L’opération Sentinelle, un paratonnerre inadapté contre le terrorisme ?
Mise en place au lendemain des attentats de janvier 2015, Sentinelle est destinée à la lutte antiterroriste. Les patrouilles sont régulièrement attaquées.
Un soldat de l’opération Sentinelle a été légèrement blessé gare de l’Est, lundi 15 juillet vers 22 heures. Son assaillant, un homme connu de la justice pour un meurtre commis en 2018, a été interpellé, avant d’être interné en psychiatrie. Cette attaque survient à moins de deux semaines de la cérémonie d’ouverture des Jeux olympiques et met en avant le rôle clé des militaires dans le dispositif de sécurité. Car aux 35 000 forces de l’ordre déployées, il faut ajouter 15 000 militaires, dont 11 000 rien que dans la région parisienne.
Tous effectuent des patrouilles dans les rues, gares et aéroports de France dans le cadre de l’opération Sentinelle. Déclenchée au lendemain des attentats de janvier 2015, sa première mission est la lutte antiterroriste. Depuis cette date, son utilité est souvent pointée du doigt. Lors des attentats de novembre 2015, une des patrouilles avait monté des barricades improvisées près des terrasses, quand une autre avait refusé d’appuyer les premiers policiers entrés dans le Bataclan.

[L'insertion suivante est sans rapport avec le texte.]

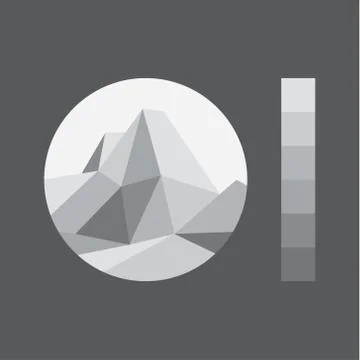 Mountain polygon in the low poly-style vector illustration Stock Illustration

Sentinelle visée par six attaques terroristes
Entre 2015 et 2018, les patrouilles Sentinelle ont été visées par six attaques de nature terroriste, faisant neuf blessés parmi les militaires. En février 2017, c’est dans le carrousel du Louvre qu’un Égyptien attaque quatre soldats au couteau. Ils répliquent et le blessent grièvement. Scénario quasi similaire en mars de la même année dans le Hall 1 de l’aéroport d’Orly. Un homme tente d’arracher l’arme d’une militaire avant de se faire abattre. Tous deux se revendiquaient de l’islam radical.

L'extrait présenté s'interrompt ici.